Air Astana has issued Boeing and Airbus with a request for proposals (RFP) to provide aircraft for its planned domestic low-fare carrier FlyArystan.

According to Peter Foster, the parent airline’s chief executive officer, it is a straight-up choice between the B737 MAX or the A320neo for the new LCC, which is planned to launch in May 2019. He did not expand upon how many aircraft it will initially seek, but he did go on to outline that flights would start using four of Air Astana’s existing A320ceo aircraft.

The RFP is planned to conclude by the end of the first quarter of 2019. “We obviously have high hopes for the low-cost airline, and we think it’s right to evaluate both manufacturers at the inception of the carrier,” he said, going on to say that it was not considering the smaller A220-300 or -100.
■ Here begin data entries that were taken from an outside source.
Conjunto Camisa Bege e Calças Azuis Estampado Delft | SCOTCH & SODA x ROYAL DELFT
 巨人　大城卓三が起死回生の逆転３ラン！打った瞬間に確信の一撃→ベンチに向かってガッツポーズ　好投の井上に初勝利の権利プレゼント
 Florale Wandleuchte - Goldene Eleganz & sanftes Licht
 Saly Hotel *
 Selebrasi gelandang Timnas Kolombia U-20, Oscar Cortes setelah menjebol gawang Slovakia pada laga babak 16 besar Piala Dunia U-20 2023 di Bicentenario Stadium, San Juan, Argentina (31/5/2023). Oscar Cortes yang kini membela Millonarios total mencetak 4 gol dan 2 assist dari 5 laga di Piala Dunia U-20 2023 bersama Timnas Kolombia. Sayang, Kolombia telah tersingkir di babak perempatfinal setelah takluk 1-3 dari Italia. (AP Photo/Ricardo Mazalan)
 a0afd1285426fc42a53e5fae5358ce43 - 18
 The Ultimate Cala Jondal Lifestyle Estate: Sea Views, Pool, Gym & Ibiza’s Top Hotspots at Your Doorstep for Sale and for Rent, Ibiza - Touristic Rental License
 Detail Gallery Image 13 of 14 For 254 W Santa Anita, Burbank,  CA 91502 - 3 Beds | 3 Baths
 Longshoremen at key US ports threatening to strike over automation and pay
FlyArystan (Arystan translates as ‘Lion’ from the Kazakh language) will initially operate domestically from four bases in Kazakhstan (one in the south, one in the west and the other two likely to be at its existing bases in Almaty and Astana). It is also expected to spread its wings intra-regionally within the next couple of years depending on market reaction, with Foster adding that there was “no reason why it should be limited to the borders of Kazakhstan.”

Foster stressed that the LCC will be allowed to develop in isolation, even if that leads to some cannibalisation of Air Astana’s existing traffic. “If it wants to fly a route, it will do so,” he said. “There will be some cannibalisation of Air Astana. But if we don’t allow it, it will leave a space for competition to grow into that market.”

He also said that within the year it was hoped that the new carrier would be operating under its own AOC.

The country, said Foster, “has been an LCC-free zone for 16 years until now. But it’s inevitable that LCCs will come,” adding that carriers such as Wizz Air and Pobeda were already encroaching.

FlyArystan will operate high-frequency flights with quick airport turnarounds, something that could be initially challenging as the country’s airports – combined with the often harsh operating environment – do not yet operate such rapid (30-40 minute) turnarounds.

Approximately 95% of the population of Kazakhstan (around 18 million people) have not yet travelled by air.